Looking at FIG. 5B, both upper and lower vessels, mechanical pump vessel 506 and air evacuation tank 508 respectively, are fitted with sight glasses to allow for the observation of fluid or air in either vessel at the same time, as previously described. In addition, each vessel has its own water makeup inlet 530 and 532 respectively (preferably “city water”) with cutoff valves to allow for the filling of each vessel independently. At the system starting point, both vessels are flooded/full as well as the remote inlet and outlet hoses to the unit. The vessels have one connecting pipe or hose 534 having a larger diameter (2″ in some embodiments) and a smaller size pipe/hose 536 (1″ in some embodiments). The larger hose or pipe 534 is fixed to come out of the foremost point of area of the lower vessel (mechanical pump vessel 506) and rises to connect to the underside of the upper vessel (air evacuation tank 508). The smaller 1″ hose 536 is located at the highest point of the lower vessel (mechanical pump vessel 506) and is attached to the top of the upper vessel (air evacuation tank 508). In this way, when gases/air are observed in the lower (mechanical pump vessel 506), the two hoses are opened via isolating valves between both vessels 516 and 538 respectively, thereby allowing for both vessels to equalize their negative pressures one with the other. The negative pressure is created by the moving mechanical pump vessel 506. Advantageously, any gases/air migrate from the lower mechanical pump vessel 506 to the upper air evacuation tank 508. This is achieved via “gravity and density.” That is, one larger hose 534 has a greater volume of water making it heaver in water weight and located on the underside of the upper air evacuation tank 508 down to the top of the lower mechanical pump vessel 506 while the other smaller hose 536 has less volume and thus less water weight and is open to the top of the upper air evacuation tank 508 to allow the combination of water weight and gravity to take hold and allow gases/air from the lower mechanical pump vessel 506 to escape to the upper air evacuation tank 508. In this way, the water volume in the upper air evacuation tank 508 takes the place of the removed or evacuated gases/air volume allowed to escape to the upper air evacuation tank 508.

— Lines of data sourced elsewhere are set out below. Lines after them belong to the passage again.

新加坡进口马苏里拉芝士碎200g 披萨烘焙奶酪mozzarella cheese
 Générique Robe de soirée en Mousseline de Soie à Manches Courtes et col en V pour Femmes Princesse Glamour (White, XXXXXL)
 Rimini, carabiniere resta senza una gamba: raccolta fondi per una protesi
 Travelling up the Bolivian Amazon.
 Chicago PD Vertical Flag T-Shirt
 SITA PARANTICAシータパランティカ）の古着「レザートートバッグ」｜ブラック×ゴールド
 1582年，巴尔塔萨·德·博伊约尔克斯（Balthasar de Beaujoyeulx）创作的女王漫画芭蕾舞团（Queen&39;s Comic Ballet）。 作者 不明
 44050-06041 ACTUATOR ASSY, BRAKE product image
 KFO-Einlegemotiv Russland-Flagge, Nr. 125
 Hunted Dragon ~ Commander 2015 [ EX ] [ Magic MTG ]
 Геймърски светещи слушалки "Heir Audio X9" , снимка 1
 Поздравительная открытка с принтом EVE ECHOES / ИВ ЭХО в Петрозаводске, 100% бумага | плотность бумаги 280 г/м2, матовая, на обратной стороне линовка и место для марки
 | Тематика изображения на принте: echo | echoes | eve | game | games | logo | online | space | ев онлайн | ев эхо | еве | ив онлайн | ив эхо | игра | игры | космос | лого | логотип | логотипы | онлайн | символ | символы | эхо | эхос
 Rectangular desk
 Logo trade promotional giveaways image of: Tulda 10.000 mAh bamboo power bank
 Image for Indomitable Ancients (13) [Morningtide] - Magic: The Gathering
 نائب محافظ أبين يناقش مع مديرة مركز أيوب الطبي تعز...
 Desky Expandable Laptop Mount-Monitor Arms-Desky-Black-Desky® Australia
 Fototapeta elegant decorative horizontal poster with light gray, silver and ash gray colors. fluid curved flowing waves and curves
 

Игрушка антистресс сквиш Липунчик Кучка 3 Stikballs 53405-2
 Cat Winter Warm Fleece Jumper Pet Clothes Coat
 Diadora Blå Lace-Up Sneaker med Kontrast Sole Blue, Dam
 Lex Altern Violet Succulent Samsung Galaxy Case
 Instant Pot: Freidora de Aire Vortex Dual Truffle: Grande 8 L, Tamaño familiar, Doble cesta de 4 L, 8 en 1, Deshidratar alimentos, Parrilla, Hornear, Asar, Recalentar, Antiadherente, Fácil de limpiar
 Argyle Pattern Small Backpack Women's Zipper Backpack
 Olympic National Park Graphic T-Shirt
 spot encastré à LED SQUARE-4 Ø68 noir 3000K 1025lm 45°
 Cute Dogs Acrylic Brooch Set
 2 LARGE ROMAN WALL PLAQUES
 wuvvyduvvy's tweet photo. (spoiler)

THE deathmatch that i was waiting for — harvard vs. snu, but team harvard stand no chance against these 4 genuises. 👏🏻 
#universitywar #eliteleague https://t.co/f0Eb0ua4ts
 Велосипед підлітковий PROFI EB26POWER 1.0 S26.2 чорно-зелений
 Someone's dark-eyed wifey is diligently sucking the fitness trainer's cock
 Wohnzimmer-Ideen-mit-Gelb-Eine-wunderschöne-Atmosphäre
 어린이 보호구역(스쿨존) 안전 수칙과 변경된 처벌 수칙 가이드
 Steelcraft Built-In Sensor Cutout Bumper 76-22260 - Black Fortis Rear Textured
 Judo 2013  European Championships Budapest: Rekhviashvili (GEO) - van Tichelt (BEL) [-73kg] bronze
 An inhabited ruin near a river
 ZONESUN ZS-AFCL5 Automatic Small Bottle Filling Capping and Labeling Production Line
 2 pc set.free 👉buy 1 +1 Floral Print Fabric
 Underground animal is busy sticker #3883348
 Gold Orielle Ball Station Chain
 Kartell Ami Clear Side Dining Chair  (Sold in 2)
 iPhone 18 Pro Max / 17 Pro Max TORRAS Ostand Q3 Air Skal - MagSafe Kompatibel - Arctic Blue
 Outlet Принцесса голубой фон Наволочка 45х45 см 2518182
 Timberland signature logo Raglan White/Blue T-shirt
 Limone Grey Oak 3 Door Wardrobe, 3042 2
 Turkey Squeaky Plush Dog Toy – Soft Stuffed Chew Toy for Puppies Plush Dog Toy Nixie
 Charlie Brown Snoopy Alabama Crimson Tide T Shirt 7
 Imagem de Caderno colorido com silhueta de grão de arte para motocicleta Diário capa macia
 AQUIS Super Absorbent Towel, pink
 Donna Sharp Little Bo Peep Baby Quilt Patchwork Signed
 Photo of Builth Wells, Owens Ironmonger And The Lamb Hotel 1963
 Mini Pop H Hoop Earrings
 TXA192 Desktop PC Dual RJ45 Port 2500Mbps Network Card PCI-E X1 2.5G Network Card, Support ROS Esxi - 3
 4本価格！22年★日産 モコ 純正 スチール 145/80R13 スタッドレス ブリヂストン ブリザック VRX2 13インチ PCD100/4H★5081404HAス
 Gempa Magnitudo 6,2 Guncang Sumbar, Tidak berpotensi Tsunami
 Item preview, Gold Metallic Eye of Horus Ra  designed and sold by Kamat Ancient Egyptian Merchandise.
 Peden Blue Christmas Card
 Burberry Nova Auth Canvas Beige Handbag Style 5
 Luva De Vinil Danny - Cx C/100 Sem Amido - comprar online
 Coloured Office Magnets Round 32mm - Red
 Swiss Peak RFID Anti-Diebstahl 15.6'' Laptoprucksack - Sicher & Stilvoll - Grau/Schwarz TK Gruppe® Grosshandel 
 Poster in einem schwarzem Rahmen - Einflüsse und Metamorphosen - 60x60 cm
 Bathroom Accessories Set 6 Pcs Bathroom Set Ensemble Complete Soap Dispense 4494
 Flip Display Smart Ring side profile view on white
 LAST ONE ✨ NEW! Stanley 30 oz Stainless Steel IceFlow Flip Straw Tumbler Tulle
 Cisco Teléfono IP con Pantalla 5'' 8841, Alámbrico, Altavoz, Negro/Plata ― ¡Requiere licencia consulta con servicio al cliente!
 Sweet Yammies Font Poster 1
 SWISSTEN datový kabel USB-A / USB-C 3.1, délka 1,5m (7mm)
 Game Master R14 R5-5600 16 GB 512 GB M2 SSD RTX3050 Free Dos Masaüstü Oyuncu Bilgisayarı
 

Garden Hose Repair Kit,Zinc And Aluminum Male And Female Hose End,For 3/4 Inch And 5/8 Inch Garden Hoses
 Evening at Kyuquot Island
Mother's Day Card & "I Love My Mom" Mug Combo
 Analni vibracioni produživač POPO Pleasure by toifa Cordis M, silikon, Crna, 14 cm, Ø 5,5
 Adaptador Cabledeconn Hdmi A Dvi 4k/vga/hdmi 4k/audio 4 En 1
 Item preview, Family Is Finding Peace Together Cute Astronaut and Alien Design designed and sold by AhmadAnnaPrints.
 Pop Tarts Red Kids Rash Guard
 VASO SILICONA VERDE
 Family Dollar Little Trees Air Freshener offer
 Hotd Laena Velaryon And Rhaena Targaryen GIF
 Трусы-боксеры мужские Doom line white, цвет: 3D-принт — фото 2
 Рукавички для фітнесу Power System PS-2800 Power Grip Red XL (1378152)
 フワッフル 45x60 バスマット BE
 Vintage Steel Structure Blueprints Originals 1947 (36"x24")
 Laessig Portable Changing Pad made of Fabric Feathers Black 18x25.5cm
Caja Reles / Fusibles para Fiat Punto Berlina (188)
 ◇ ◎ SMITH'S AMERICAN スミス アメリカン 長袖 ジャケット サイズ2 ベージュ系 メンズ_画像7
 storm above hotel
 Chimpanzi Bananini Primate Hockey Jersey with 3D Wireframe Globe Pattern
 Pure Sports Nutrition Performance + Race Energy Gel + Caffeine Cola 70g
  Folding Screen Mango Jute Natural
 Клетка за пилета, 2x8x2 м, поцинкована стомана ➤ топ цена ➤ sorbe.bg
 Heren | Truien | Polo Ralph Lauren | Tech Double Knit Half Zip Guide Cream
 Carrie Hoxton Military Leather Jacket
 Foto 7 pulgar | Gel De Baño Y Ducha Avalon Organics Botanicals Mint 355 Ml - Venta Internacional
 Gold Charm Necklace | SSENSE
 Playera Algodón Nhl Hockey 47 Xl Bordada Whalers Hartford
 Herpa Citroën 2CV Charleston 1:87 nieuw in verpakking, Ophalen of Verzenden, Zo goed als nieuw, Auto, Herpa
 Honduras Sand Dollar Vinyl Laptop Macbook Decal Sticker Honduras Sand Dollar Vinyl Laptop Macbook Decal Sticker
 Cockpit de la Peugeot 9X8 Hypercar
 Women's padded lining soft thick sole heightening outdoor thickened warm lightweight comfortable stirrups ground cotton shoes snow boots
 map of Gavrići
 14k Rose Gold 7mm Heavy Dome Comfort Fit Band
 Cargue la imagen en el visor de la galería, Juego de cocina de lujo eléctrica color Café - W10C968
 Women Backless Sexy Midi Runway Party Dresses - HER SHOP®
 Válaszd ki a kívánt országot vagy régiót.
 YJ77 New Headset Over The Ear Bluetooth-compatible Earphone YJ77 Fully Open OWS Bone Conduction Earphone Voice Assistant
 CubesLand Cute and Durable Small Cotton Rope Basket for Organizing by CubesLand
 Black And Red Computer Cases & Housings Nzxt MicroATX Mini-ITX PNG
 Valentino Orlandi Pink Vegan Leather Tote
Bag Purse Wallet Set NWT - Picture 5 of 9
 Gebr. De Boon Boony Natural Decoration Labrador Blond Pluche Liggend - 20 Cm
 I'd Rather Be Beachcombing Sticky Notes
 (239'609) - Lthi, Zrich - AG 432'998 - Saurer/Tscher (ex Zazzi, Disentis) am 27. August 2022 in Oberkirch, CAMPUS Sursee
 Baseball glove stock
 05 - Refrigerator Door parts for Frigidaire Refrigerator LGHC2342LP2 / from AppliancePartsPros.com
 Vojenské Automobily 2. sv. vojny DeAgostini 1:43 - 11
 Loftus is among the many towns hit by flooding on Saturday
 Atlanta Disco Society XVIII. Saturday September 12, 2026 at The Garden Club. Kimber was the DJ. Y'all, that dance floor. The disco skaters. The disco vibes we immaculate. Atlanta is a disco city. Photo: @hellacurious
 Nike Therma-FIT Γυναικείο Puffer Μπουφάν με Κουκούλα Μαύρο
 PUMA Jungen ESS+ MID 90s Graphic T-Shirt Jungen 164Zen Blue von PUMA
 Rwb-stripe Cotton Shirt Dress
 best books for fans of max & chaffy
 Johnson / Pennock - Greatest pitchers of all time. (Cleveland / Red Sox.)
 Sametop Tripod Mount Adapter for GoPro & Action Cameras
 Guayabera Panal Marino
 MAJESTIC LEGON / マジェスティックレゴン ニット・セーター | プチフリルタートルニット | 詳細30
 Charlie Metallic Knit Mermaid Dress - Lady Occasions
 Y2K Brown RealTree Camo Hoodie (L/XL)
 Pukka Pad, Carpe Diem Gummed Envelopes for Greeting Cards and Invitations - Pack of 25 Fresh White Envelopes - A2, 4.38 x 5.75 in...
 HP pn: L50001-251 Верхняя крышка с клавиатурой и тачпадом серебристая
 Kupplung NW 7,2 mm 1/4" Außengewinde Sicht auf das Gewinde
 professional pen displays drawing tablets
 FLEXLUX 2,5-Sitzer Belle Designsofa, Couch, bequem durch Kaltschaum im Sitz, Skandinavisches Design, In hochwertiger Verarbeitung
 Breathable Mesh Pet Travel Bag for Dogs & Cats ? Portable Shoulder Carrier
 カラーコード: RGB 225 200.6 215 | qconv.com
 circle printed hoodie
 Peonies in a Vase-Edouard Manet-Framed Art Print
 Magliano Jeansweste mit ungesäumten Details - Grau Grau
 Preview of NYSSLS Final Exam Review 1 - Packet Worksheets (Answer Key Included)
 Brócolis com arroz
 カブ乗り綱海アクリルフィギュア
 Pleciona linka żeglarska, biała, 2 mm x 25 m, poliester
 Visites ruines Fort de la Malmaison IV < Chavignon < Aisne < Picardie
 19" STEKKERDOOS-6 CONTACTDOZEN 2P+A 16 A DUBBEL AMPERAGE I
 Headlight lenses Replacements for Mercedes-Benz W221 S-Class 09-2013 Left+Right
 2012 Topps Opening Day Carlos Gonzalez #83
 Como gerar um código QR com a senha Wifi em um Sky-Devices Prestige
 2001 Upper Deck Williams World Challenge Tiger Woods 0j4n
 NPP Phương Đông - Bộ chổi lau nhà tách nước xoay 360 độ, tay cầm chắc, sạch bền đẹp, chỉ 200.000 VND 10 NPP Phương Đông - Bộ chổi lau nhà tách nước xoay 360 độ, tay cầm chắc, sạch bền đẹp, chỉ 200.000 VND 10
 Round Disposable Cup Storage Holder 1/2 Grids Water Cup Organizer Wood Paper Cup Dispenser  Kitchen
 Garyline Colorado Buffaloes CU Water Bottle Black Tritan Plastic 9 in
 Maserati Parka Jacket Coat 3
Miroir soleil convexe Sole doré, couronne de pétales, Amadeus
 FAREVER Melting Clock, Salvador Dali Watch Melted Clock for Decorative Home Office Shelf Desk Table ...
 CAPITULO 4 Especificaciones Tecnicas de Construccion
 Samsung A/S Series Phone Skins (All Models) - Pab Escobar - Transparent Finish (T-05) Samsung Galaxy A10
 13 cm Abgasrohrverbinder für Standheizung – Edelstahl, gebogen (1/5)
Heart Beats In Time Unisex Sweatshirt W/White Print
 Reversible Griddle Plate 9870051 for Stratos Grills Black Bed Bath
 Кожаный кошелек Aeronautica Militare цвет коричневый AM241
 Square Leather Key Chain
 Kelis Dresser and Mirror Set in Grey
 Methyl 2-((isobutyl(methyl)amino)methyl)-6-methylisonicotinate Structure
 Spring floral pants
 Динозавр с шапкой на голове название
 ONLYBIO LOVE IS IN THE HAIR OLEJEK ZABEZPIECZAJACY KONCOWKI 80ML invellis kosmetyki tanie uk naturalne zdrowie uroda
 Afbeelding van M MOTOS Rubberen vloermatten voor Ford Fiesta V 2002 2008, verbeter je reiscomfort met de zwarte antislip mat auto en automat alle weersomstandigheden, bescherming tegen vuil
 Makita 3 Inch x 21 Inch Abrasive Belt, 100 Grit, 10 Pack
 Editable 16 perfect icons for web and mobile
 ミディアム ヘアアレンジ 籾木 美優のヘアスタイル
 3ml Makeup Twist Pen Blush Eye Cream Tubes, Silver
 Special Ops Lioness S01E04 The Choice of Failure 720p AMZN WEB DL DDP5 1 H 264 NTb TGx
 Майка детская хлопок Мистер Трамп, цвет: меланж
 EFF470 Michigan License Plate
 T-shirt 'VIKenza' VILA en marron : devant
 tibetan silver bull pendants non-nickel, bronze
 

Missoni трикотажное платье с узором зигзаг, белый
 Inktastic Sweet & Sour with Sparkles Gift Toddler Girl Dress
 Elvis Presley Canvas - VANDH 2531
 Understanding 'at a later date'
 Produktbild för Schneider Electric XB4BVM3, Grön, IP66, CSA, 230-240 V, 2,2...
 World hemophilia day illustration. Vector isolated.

At this point both vessels may be isolated from each other, and the upper air evacuation tank 508 refilled quickly via its own makeup inlet 532. The upper air evacuation tank 508 may employ a one-way check valve 510 to expel accumulated gases/air as the upper vessel is being filled and recharged to a full water volume capacity and made ready for a repeated evacuation of the lower tank as its sight glass observation is monitored for any additional gases/air accumulation and thus the process is repeated as needed. Advantageously, embodiments of the system may continue to operate uninterrupted.

The mechanical pump vessel 506 includes a dump valve 560. Debris accumulated within the mechanical pump vessel 506 will settle at the bottom of the mechanical pump vessel 506 and this debris can be extracted from the system via the dump valve 560. The mechanical pump vessel 506 may include a sensor to detect when a threshold amount of debris is present and then automatically open the dump valve 560 so that the debris can be evacuated from the mechanical pump vessel 506 by gravity or by a vacuum source.

Alternatively, the water fed into the mechanical pump vessel 506 can first be passed through a strainer. The strainer operates to filter out dirt and debris as the water passes through the filter and the dirt and debris accumulate in bottom of the strainer. The strainer may include a dump valve for evacuation of the collecting dirt and debris.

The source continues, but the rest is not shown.